|Former Argentine general and dictator Jorge Rafael Videla (L) and former army general Luciano Benjamin Menendez await for their sentence in the trial for the murder of 31 political prisoners. (AFP/Getty Images)|
By MATT MOFFETT
The Wall Street Journal
BUENOS AIRES—Former Argentine dictator Jorge Rafael Videla, on trial for the first time since the country's Supreme Court rescinded his amnesty, was sentenced to life in prison by a federal court for the murder of 31 political prisoners in 1976.
Mr. Videla ruled Argentina from 1976 to 1981 and presided over the so-called Dirty War in which at least 10,000 people suspected of working against the regime, and perhaps as many as 30,000, were "disappeared" and killed, according to historians and human-rights groups.

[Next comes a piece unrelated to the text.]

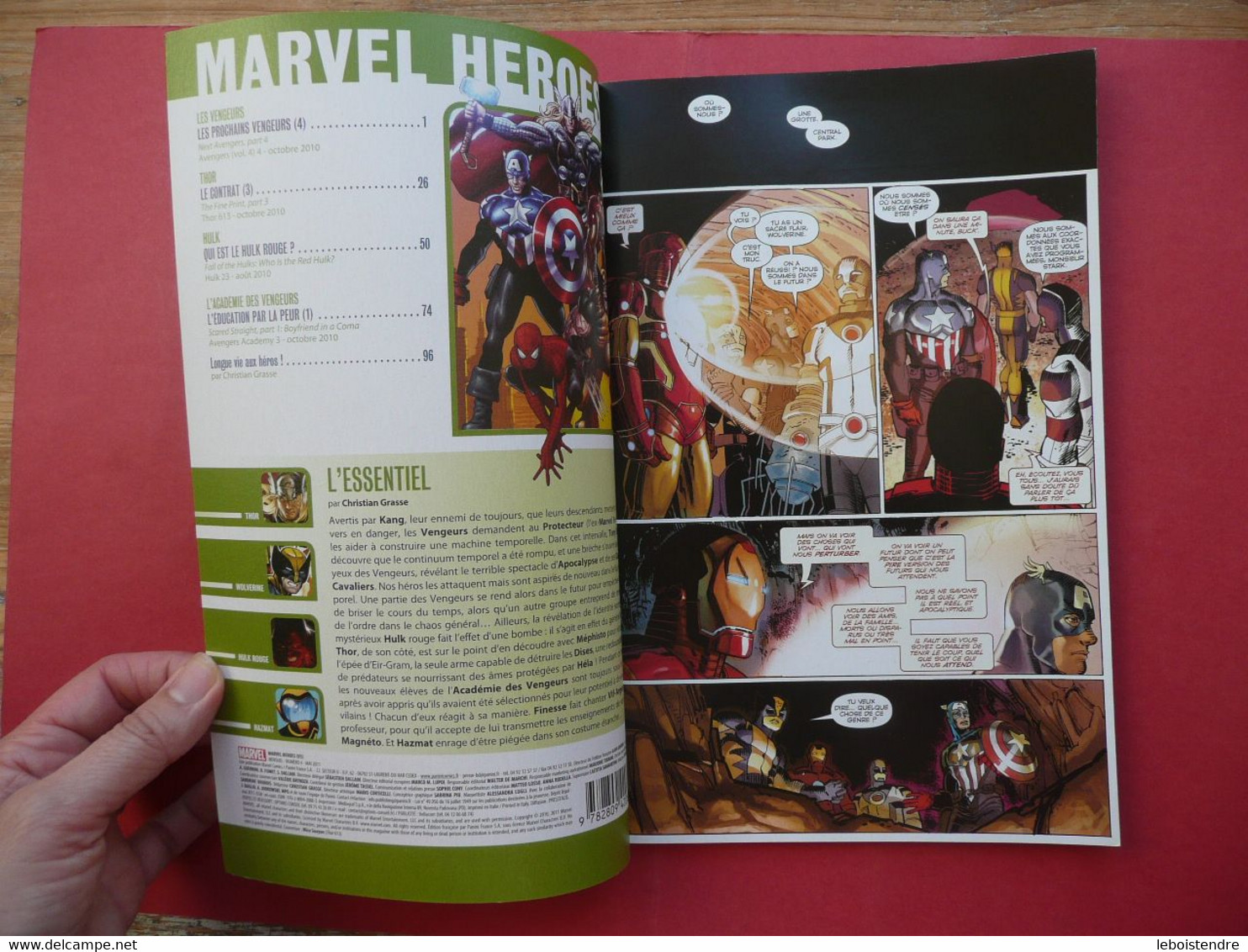 MARVEL HEROES V3 N 4 MAI 2011  MARVEL COMICS PANINI FRANCE AVENGERS ACADEMY WORLD WAR  HULK THOR - Marvel France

After the country returned to democracy, Mr. Videla was sentenced in a landmark 1985 trial to life in prison for abuses committed during his rule. He served five years before he and other figures from the dictatorship were pardoned by President Carlos Menem, who said he was trying to close the book on a divisive era in Argentine history. The Supreme Court struck down the pardons in 2007, paving the way for new cases to be brought against officials from the dictatorship.
Wednesday's sentence was the culmination of a six-month trial in the city of Cordoba revolving around the case of 31 prisoners suspected of opposing the regime, who were rousted from their cells and executed following the coup that brought Mr. Videla to power. A three-judge panel issued the sentence, which it specified should be served in a common prison facility, as opposed to in a military jail or under house arrest.
Mr. Videla, 85 years old, sometimes appeared to doze off during the trial. He was defiant when he did speak.
"I don't speak of 'Dirty War,' I prefer to speak of 'just war,' " he said on Tuesday, asserting that his government had implemented a legitimate defense strategy against leftist guerrilla groups.
He took thinly veiled swipes at the government of President Cristina Kirchner, who has acted aggressively to bring former officials of the dictatorship to justice. "The enemies of yesterday achieved their goal and govern the country and they try to set themselves up as champions of human rights," Mr. Videla said.
Convicted along with Mr. Videla were 29 other security officials from the dictatorship, including former Gen. Luciano Benjamin Menendez, who headed anti-guerrilla operations in a large section of the country.